Please copy the data below exactly, from its first line through the line holding "恒山景区停车场农家饭店", and skip the pictures.

[Short descriptive text snippets]
##############################

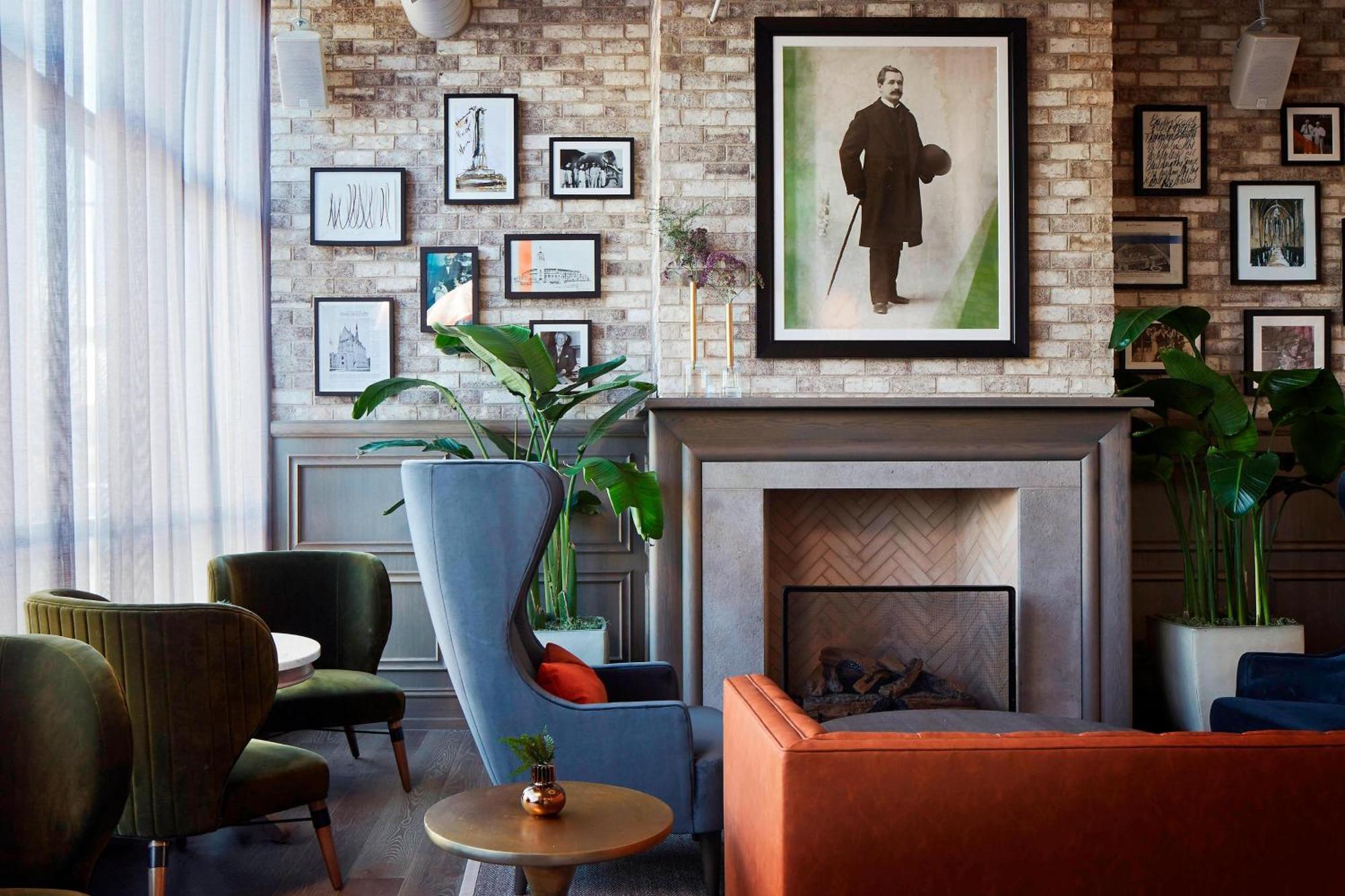 Hotel Zachary, Chicago, A Tribute Portfolio Hotel Exterior foto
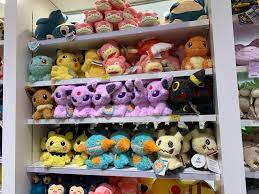 Japan Haul #1 – Pokemon Center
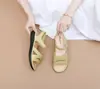 Zapatos de Moda de PVC para Mujer Primavera y Verano, Disponibles en Varios Colores, Sandalias Tradicionales Estilo Mamá, Sandalias Cómodas de Suela Suave para Uso en Casa y al Aire Libre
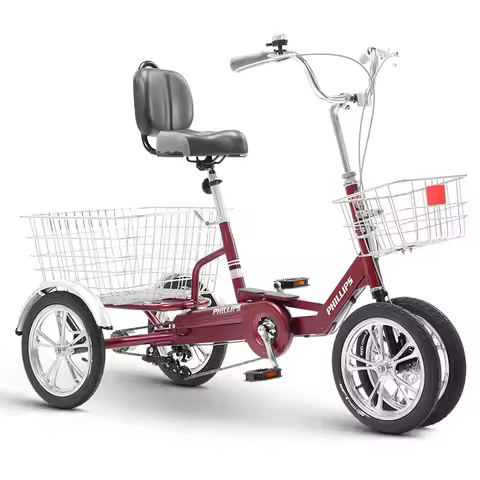Bike 2025 New Cheap Bike 3 Wheel Bicycle Bike Tricycle Trike Tricycle Other Cargo Tricycle for Adult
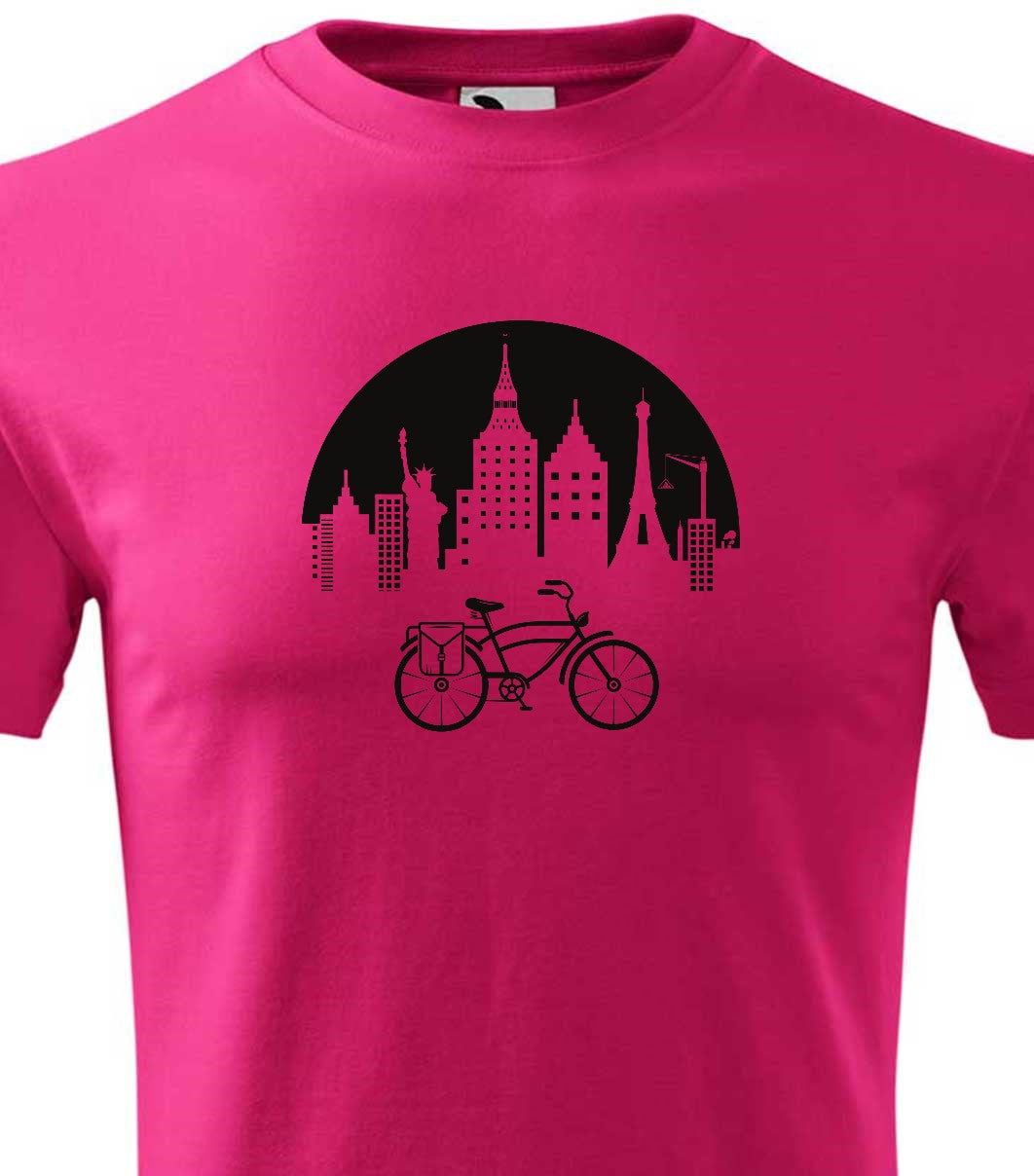 City Bike gyerek póló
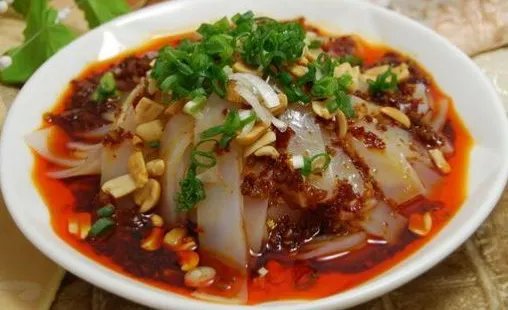 恒山景区停车场农家饭店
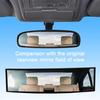 Yousheng Car Rear View Mirror Wide-Angle View Universal Simple Installation Anti-glare Panoramic Rear Mirror Extender for SUV Trucks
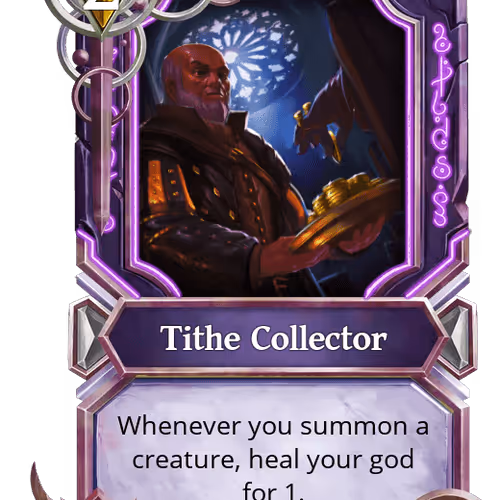 Gods Unchained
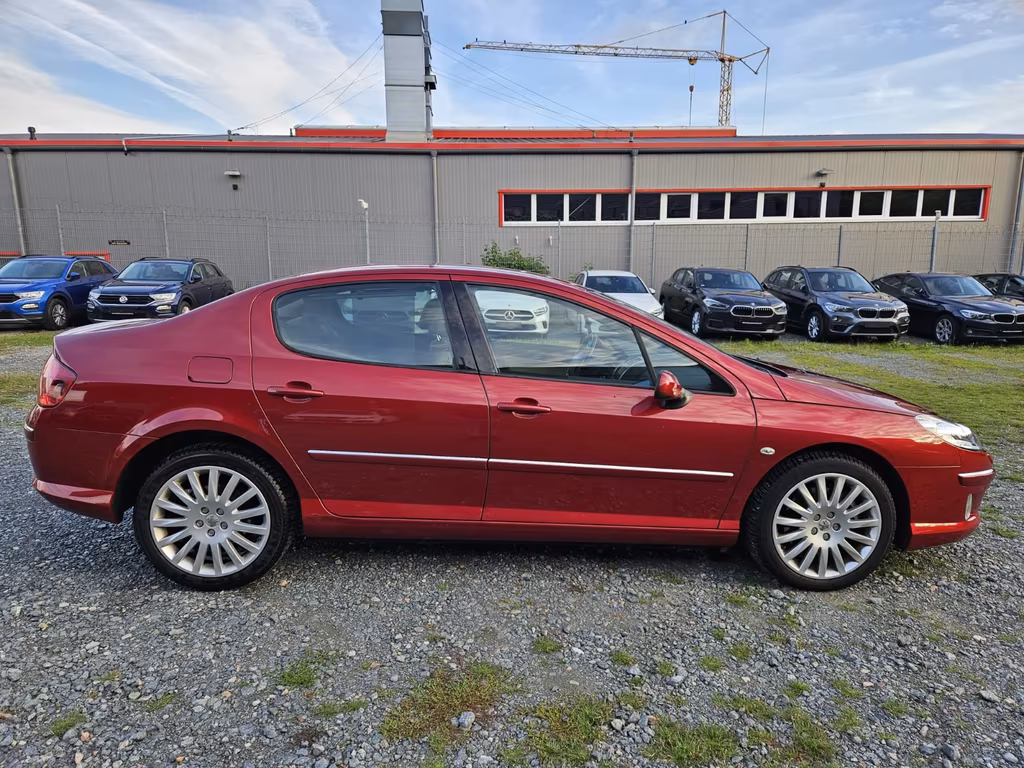 Peugeot 407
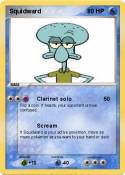 Squidward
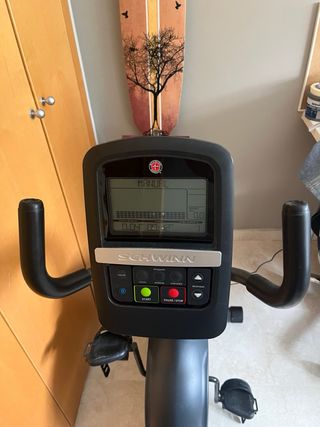 Bicicleta Estática Reclinada Schwinn 510R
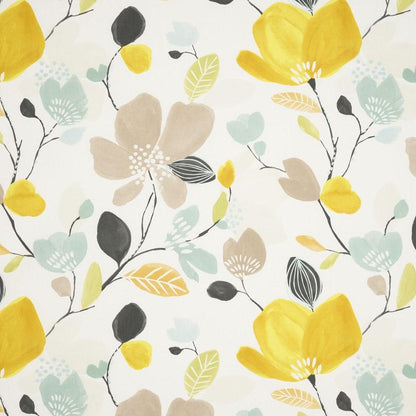 Spring - Flora By James Dunlop Textiles || In Stitches Soft Furnishings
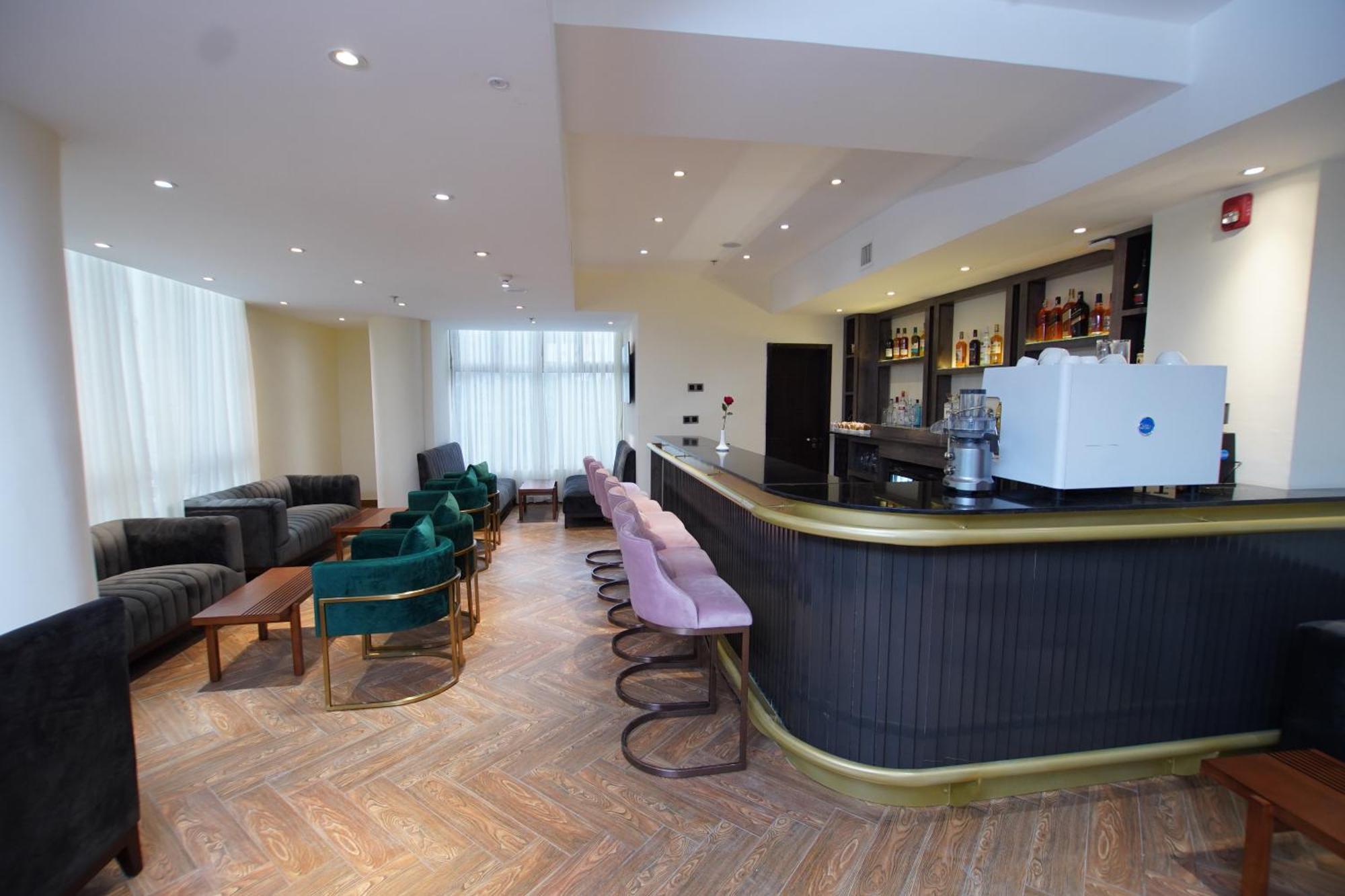 Best Western Premier Dynasty Addis Abeba Exteriér fotografie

##############################

Output for this task:
 Hotel Zachary, Chicago, A Tribute Portfolio Hotel Exterior foto
 Japan Haul #1 – Pokemon Center
 Zapatos de Moda de PVC para Mujer Primavera y Verano, Disponibles en Varios Colores, Sandalias Tradicionales Estilo Mamá, Sandalias Cómodas de Suela Suave para Uso en Casa y al Aire Libre
Bike 2025 New Cheap Bike 3 Wheel Bicycle Bike Tricycle Trike Tricycle Other Cargo Tricycle for Adult
 City Bike gyerek póló
 恒山景区停车场农家饭店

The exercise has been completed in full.